The game Wordle (a hybrid between Hangman and Mastermind) has been making the rounds with many of my puzzle-nut friends lately, and as a fun-sucking computer scientist, I (obviously) wanted to write a program to beat it. Wordle has seen some huge growth and coverage (see the NYT article about it!) and as a fan of word games, I jumped in with relish.
In the game, players are given six guesses to find a hidden five letter English word. Players are only restricted to guessing words that are in the word list of the game (which, as far as I can tell, isn't public anywhere). I've got a Scrabble Dictionary text file with a fuck load of words in it, and I've pruned it down to the five letter words (all 12,292 of them) - this list is included in the repo.
Each time you guess a word, the game gives you Feedback (capitalization intended, this is a key concept for understanding my solver and so I've decided to Proper Noun that word). The Feedback tells you, for each letter you guessed, one of three possible outcomes: a) the guessed letter is in the hidden word in the correct position b) the guessed letter is in the hidden word, but out of position c) the guessed letter is not in the hidden word.
Notationally, we associate outcome a) with the '*' character, outcome b) with the '?' character, and outcome c) with the '.' character. For example, if you guessed the word ARIAS and the hidden word was actually SOLAR, you would get the Feedback "??.??" from the game engine: SOLAR contains an A, R, and S but none of them are in the right place.
This feedback is slightly different from Mastermind, where the game tells you how many pegs are correct or out of position. Wordle's a bit easier: each letter carries its own positional information. After playing a few days as a regular human brained guy, it's clear that the optimal strategy is to make early tradeoffs in favor of exploration over exploitation - even if you get the first few letters lucky/correct, it's generally smart to choose your second or third word to gain as much information as possible rather than capitalize on early correct letters. In general, this is a good strategy, but the issue, of course, is quantifying "how much information do I get by playing this word now?" This is the key insight to understanding how the program finds solutions quickly: the goal at each stage is to find the word that will rule out the most potential answers.
Algorithmically, here's the rough plotline: we're going to keep track of a list of valid words given the information we have so far. This list starts as the entire 12,292 word collection. As we learn new information, we remove words from this valid word list. At each step of the way, we'll compute our Best Guess for the current word list based on some minimax search. Then, we'll ask the engine for Feedback on our Best Guess, and with that feedback perform a pruning step. The premise here is to make each pruning step as large as possible.
You can count the number of potential feedback strings for each pair of words with a straightforward combinatorial argument: in our case, all of the words are the same length (5 letters), so the number of potential Feedback strings is 3 ^ 5 = 243, which conveniently will all fit in one byte (256).
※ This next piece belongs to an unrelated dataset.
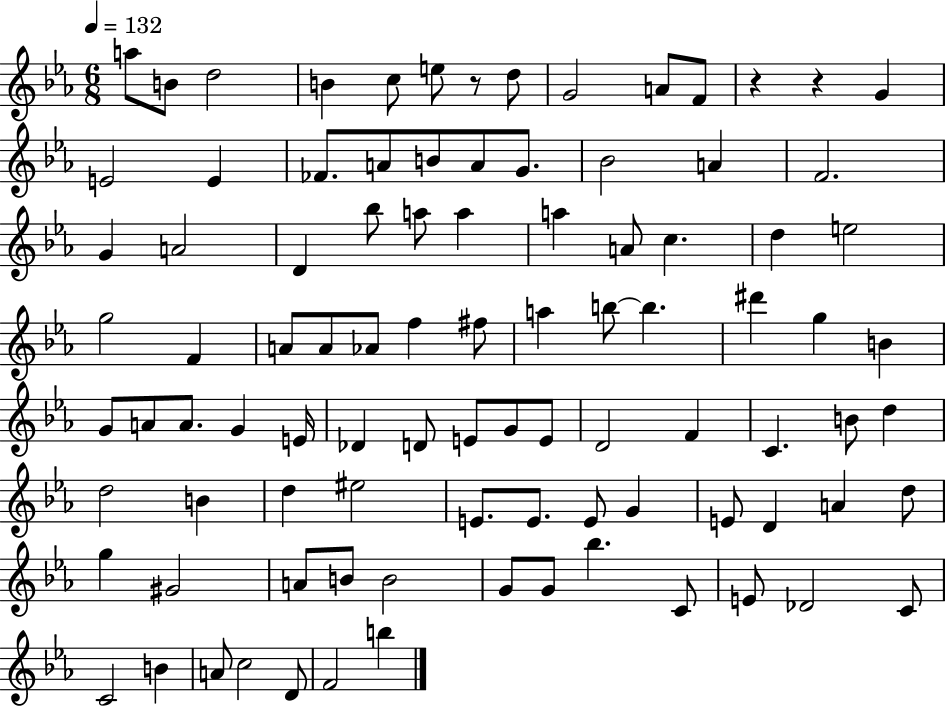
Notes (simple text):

A5/e B4/e D5/h B4/q C5/e E5/e R/e D5/e G4/h A4/e F4/e R/q R/q G4/q E4/h E4/q FES4/e. A4/e B4/e A4/e G4/e. Bb4/h A4/q F4/h. G4/q A4/h D4/q Bb5/e A5/e A5/q A5/q A4/e C5/q. D5/q E5/h G5/h F4/q A4/e A4/e Ab4/e F5/q F#5/e A5/q B5/e B5/q. D#6/q G5/q B4/q G4/e A4/e A4/e. G4/q E4/s Db4/q D4/e E4/e G4/e E4/e D4/h F4/q C4/q. B4/e D5/q D5/h B4/q D5/q EIS5/h E4/e. E4/e. E4/e G4/q E4/e D4/q A4/q D5/e G5/q G#4/h A4/e B4/e B4/h G4/e G4/e Bb5/q. C4/e E4/e Db4/h C4/e C4/h B4/q A4/e C5/h D4/e F4/h B5/q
To save time later during the Minimax search step, we precompute the Feedback for each (guess, hidden_word) pair and store them in a table on disk. This will be a 12,292 x 12,292 table with each Feedback entry taking one byte to store (nice property of length-five words!) Because I can't figure out git large file storage today, you'll have to do this precomputation step - it takes about three or four minutes on my computer, which admittedly is a potato.
Interestingly enough, after running the Best Guess function over the entire word list, it comes up with ARISE (or, more exotically, SERAI) as the best starting word to maximize your information gain. This makes gut-check sense to me - it gets three vowels as well as the two most common consonants in play immediately.
You need numpy installed because I'm lazy. To start, generate the feedback_pairs.npy file with
$ python precompute.py
To actually run the solver, execute
$ python solver.py
and follow the instructions. The first word is optimally "ARISE", so try that out in the text field.
- Are there any words that, when played optimally like this (starting from ARISE), are not solvable in the six guesses you're alotted?
- What's the word that has the longest number of guesses to get it?
- What's the average number of guesses to get a word?